TASK DIRECTIONS - Retype, exactly and with both ends included, the lines below from the one containing "Christmas Decorations - Santa" through the end; omit the pictures.

*** Opening GIVEN MATERIAL ***

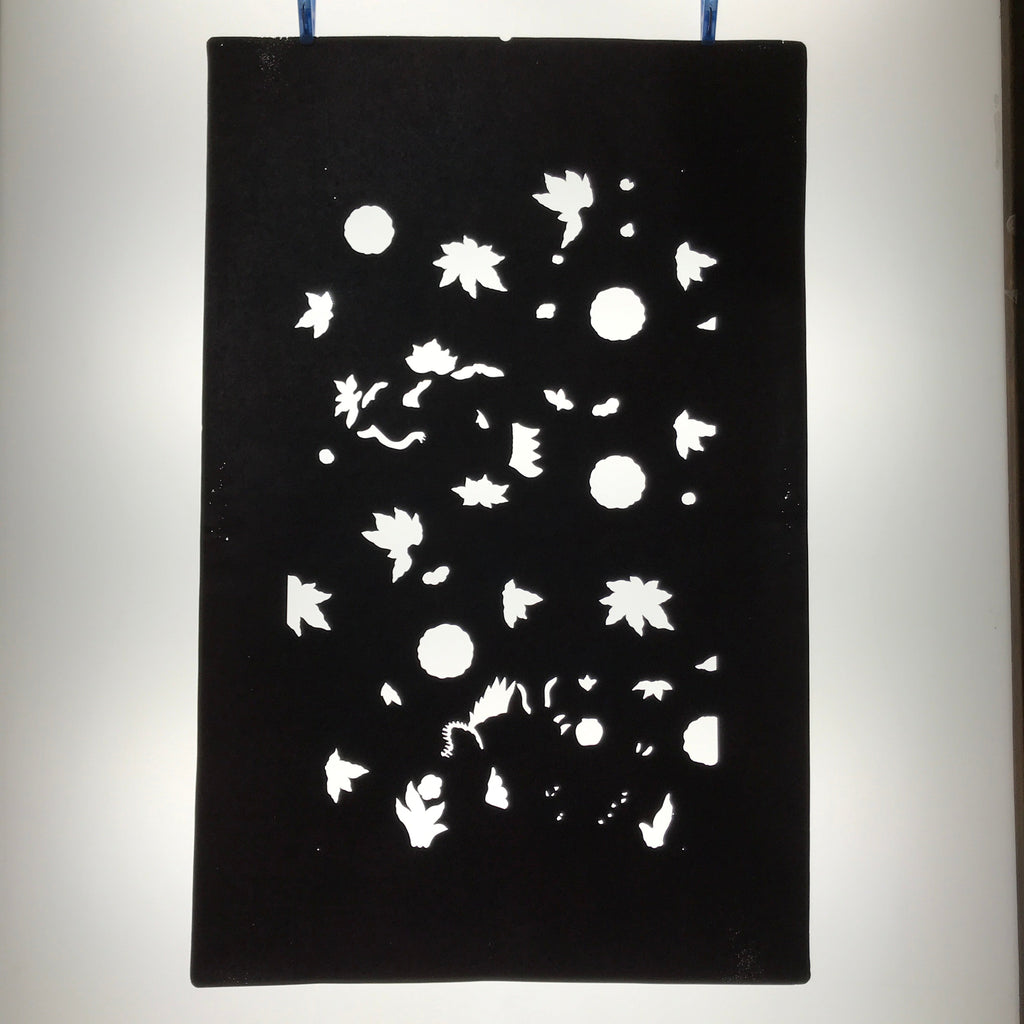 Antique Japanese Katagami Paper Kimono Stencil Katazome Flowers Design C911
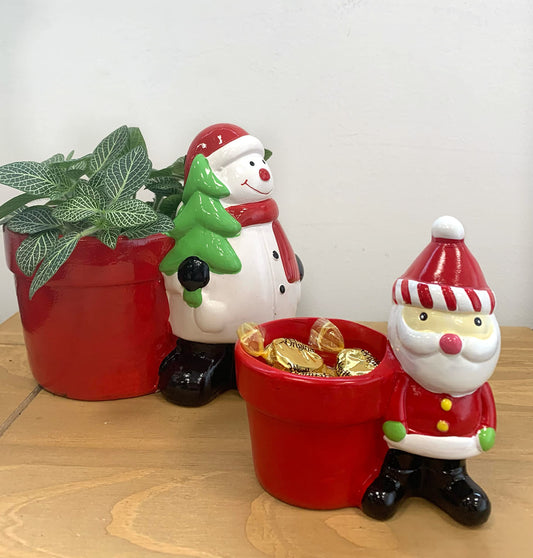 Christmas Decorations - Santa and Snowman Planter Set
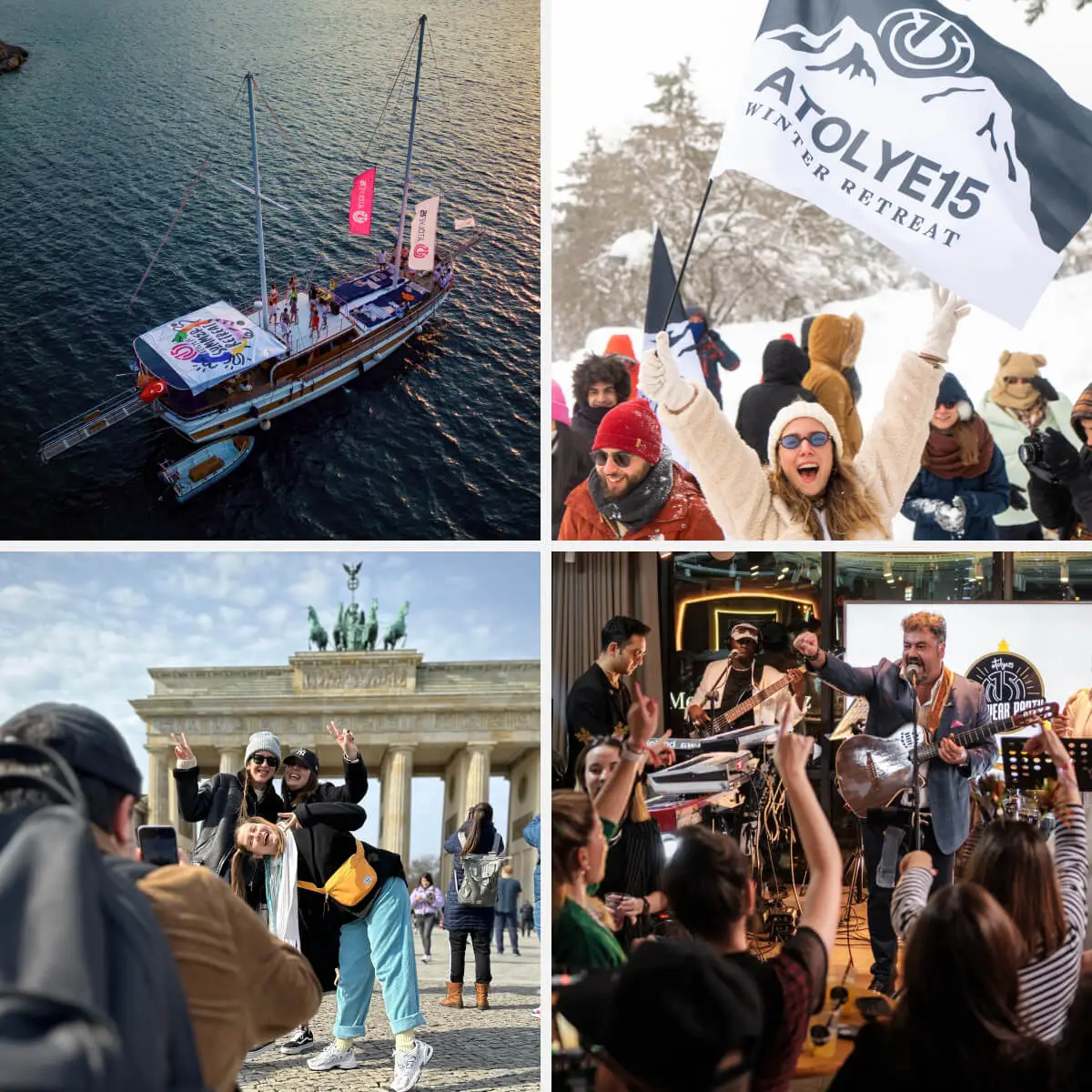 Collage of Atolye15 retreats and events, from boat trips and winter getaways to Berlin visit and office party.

*** Closing GIVEN MATERIAL ***

COMPLETED TASK -
 Christmas Decorations - Santa and Snowman Planter Set
 Collage of Atolye15 retreats and events, from boat trips and winter getaways to Berlin visit and office party.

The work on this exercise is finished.